Но вот в чем я, Наташа из Воркуты, утвердилась после этой беседы: мне надо всячески, не сбиваясь, тянуть именно на образ сбитой с толку, растерянной и вполне безобидной провинциалки, которая нуждается в советах, утешении и вообще в покровительстве. Женщины, любые, очень любят чувствовать свое превосходство над особями своего пола. Им, многим из тех, у кого и своя судьба не сложилась, как бы в радость, что другой ещё хуже, потому что можно с высоты собственного опыта и неблагополучия поучить жить, «раскрыть глаза» и прочая, и прочая…

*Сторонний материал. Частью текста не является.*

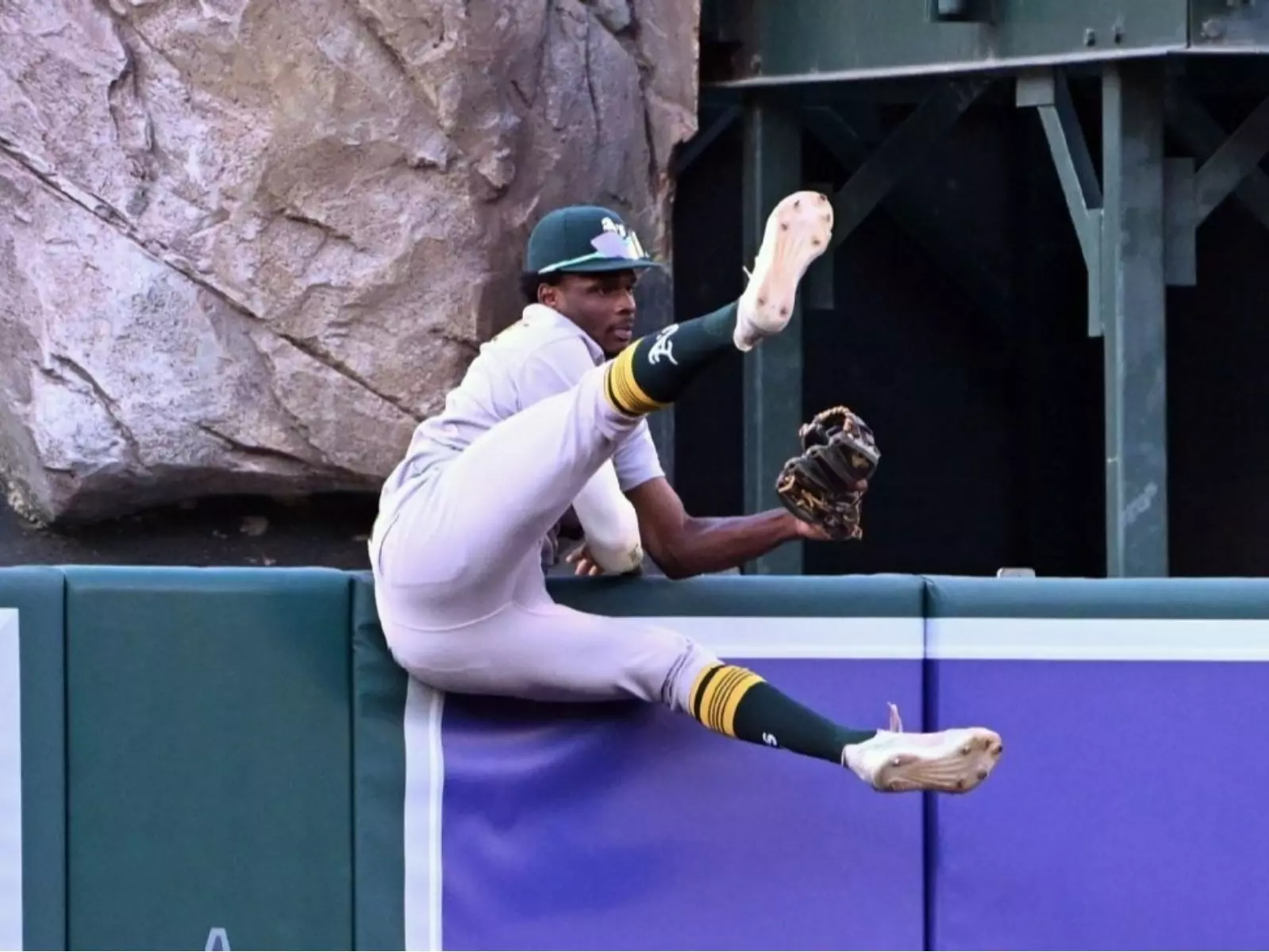 MLB／運動家 Denzel Clarke 上演超扯接殺美技！把全壘打球沒收引爆球迷討論！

Вероятно, оттого, что дурочку непутевую сыграть куда легче, чем, положим, Софью Ковалевскую, я настолько оказалась «в роли», что сестра-хозяйка, полная, грудастая Анна Романовна, расспросив меня прямо в коридоре, откуда, почему, и услыхав историю печальную, неказистую, поглядела критически на мои истоптанные туфлишки, заявила решительно:
— Айда ко мне, горе луковое!
Привела в комнатенку с зарешеченным окном, где на полках лежало в высоких стопках чистое постельное белье, шерстяные одеяла одинакового бежевого цвета, а посреди стояла гладильная доска на алюминиевых ножках врастопырку.

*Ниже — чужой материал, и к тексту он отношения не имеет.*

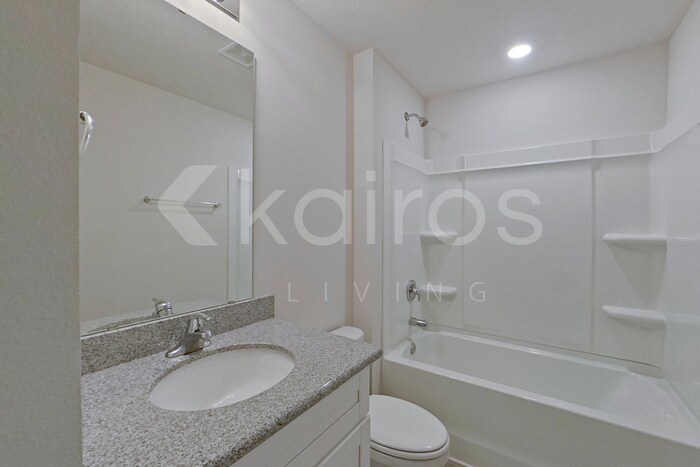 Building Photo - 4789 Malay Cir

Анна Романовна, тяжеловато дыша, наклонилась, вытащила с нижней полки белые босоножки на танкетке, кинула мне:
— Меряй! Мне не подходят. У меня ноги после ночи пухнут.
— А… а сколько стоят, Анна Романовна?
— Сдурела! Бери и надевай! И зови меня попросту тетей Аней.
Ну и попробуй после этого верить собственным глазам, которые всего несколько дней назад видели, с какой хищной поспешностью эта самая добродушная, сдобная тетя Анечка выискивала в углах комнаты погибшей актрисы возможные сокровища, хватая то то, то это…
— Чего нам-то манерничать друг перед другом, — продолжала она поучать меня. — Ты с Воркуты, я тоже… не с Красной площади, издалека… Беглянки и есть беглянки. Меряй, меряй, не тяни!
— Но как же… — переминалась я в надежде, что тетенька разговорится ещё больше и я получу добавочную информацию. — Вы, наверное, покупали, деньги платили…
И она не удержалась, её моя медлительность в принятии разумного решения окончательно допекла:
— Дурочка! — обозвала беззлобно. — Куда ты пришла работать? К старикам старым. Сколько платить тебе будут? Гроши. Одно удобство — старики не вечные, помирают, а ихние одежки остаются. Или ты брезгуешь? Так протри, вот тебе перекись разведенная, они же новые, от артистки остались…
— От самой настоящей артистки?! — изумилась я, всовывая ногу в босоножку.
— А то от какой же! — горделиво отвечала тетя Аня. — От знаменитой Мордвиновой! Слыхала, небось?
— Да, вроде, нет…
— Ну темнота! Про саму Мордвинову не слыхала? В прошлые годы её фотографии по всем кинотеатрам висели. Что глазки, что губки что бровки — красота! А на щечках ямочки. И волосы хороши были — такая раскудрявая! В киосках открытки продавали, где она улыбается. Красиво пожила… не то что мы, рядовые. Только кончила худо, хуже некуда. Она у нас тут сгорела, бедная…
— Как сгорела? — ужаснулась я. — Вся сгорела? А как же босоножки? Они отдельно от неё были?
— Отдельно. Подошли? Ну и носи. А много будешь знать — скоро состаришься.
— Так ведь интересно… — играла я кромешную дуреху. — Как это в таком красивом доме можно сгореть? Дом-то не сгорел!
— Помолчи! — приказала тетя Аня. — Радуйся, что босоножки подошли. Надо же, вторую такую на мою голову…
— Тетя Анечка, — я подскочила к ней, приобняла, чмокнула в пухлую щеку. — Спасибо вам! Ой, как они мне по ноге! А какую «такую» на вашу голову? Тоже дурочку, вроде меня?